Political debate on Twitter

17 JUNE 2010

A CSU researcher says her postgraduate research shows there is often experimentation in the use of social media as part of organisational communication, and yesterday's debate on Twitter between leaders of the main NSW political parties is an example of such an experiment.

CSU PhD researcher Ms Amalie FinlaysonA Charles Sturt University (CSU) researcher says her postgraduate research shows there is often experimentation in the use of social media as part of organisational communication, and yesterday’s debate on Twitter between leaders of the main NSW political parties is an example of such an experiment.
 
Ms Amalie Finlayson, a PhD student at the CSU School of Communication and Creative Industries in Bathurst, said, “Gauging from the response to yesterday’s debate between NSW Premier Ms Kristina Kenneally, Opposition leader Mr Barry O’Farrell and Greens leader Ms Lee Rhiannon, it seems as though Twitter might not be the right forum to host a political discussion such as this.
 
“While a lot of people participated using the #penrithdebate hashtag*, the use of unmoderated Twitter hashtags such as this can leave a discussion wide open to hijacking.
 
“This was certainly the case yesterday, with spam and totally unrelated comments creating a chaotic stream of information, making it difficult to follow the debate.”
 
Ms Finlayson said another factor affecting the Twitter debate yesterday was that Twitter itself was experiencing technical problems, with many ‘tweets’ appearing multiple times, for example, and the service also experienced slowness and other interruptions.
 
She said there are many benefits to using social media as part of a political campaign, as was demonstrated during the 2008 US Presidential election when social media was used very successfully by President Barack Obama’s campaign team.
 
“However, there are also many potential pitfalls when combining social media and politics.
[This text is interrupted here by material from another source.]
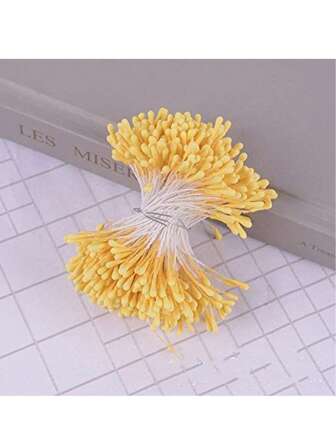 1/3 paquete de 2 milímetros de estambres de flores artificiales. Estos son estambres de flores de imitación, estambres de flores de pistilo artificial con efecto perlado, así como núcleos de flores de perlas de doble cabeza y botones de flores de imitación. Se pueden usar para decoración artesanal floral del hogar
As we try to make clear to our students in the School of Communication and Creative Industries, there are many different ways to use social media, both personally and professionally.
 
“While successful political social media campaigns do exist, there are many examples where these campaigns have not been so successful, and have even been highly detrimental.
 
“Nevertheless, in my opinion, social media will definitely continue to be used in political campaigns. Politicians will always try to reach voters in every way they can, including on social media spaces such as Twitter and Facebook.
 
“Whether they are successful in doing so, however, depends on how much they learn from other examples, both positive and negative, and their own experiments in this space, such as the one conducted yesterday by NSW politicians,” she said.